L'Argent Dette de Paul Grignon (Money as Debt FR) from Bankster on Vimeo
Endettement
comparé en % du PIB en 2006
Source: Sapir 2008
La seconde partie de la vidéo (après la première demi heure), plus politique et polémiste, doit être considérée avec prudence. Deux raisonnements sont en effet incomplets. Tout d’abord, l’idée selon laquelle la dette globale augmente de façon exponentielle est fausse. Deux mécanismes viennent réduire les mécanismes de création monétaire : la faillite des emprunteurs (dont le volume n’est pas négligeable) et l’inflation (qui n’est pas évoquée à ce moment-là de la vidéo). En effet, si les taux d’intérêt sont égaux à l’inflation, alors le volume de la dette globale reste stable en valeur. Si l’on prend en compte les faillites, il faudrait alors que les taux d’intérêt bancaire soient légèrement supérieurs au taux d’inflation pour empêcher la croissance de la dette. Au total, il n’y a aucune raison pour considérer que sur le long terme la croissance monétaire est exponentielle.
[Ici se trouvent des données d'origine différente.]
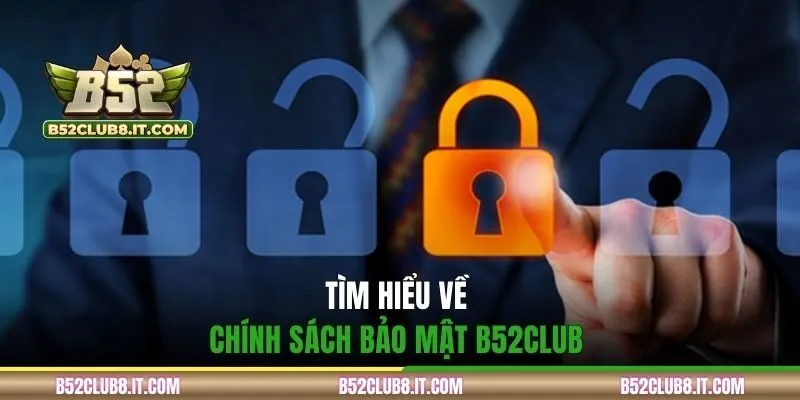 Tìm hiểu về chính sách bảo mật B52CLUB cho hội viên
La période actuelle montre qu’on peut détruire massivement de la monnaie lorsque la sphère financière décroche trop de la sphère réelle.
L’autre analyse infondée concerne la relation entre croissance économique et limites écologiques. L’argument selon lequel il ne peut y avoir de croissance durable dans un monde fini est fallacieux. En effet, la croissance économique n’est pas nécessairement une croissance matérielle qui suppose un prélèvement supplémentaire de ressources naturelles. En réalité, la dimension matérielle de la croissance est faible. Les services sont nettement majoritaires dans la production d’une économie et ceux-ci ne sont pas consommateur de ressource. Par ailleurs, il ne faut jamais oublier que la croissance n’est jamais qu’une création de valeur. Or, il n’y a pas nécessairement corrélation entre la valeur d’un bien et son impact écologique ou sa consommation de ressources. Je ne suis pas sûr par exemple, qu’un écran LCD soit plus consommateur de ressources qu’un écran à tube cathodique. Les voitures d’aujourd’hui sont plus économes en ressource que celles d’il y a 30 ans. Cela ne les empêche pas d’avoir davantage de valeur. Enfin, le recyclage, est une matière de créer de la valeur supplémentaire en diminuant l’exploitation des ressources de la planète.
Au total, cette vidéo est extrêmement intéressante et pédagogique, mêmes si certains raisonnements sont incomplets dans sa deuxième partie. Pour avoir enseigné les mécanismes de création monétaires, je sais à quel point c’est difficile à faire comprendre. La première demi-heure est à ce titre un chef d’œuvre sur le plan pédagogique.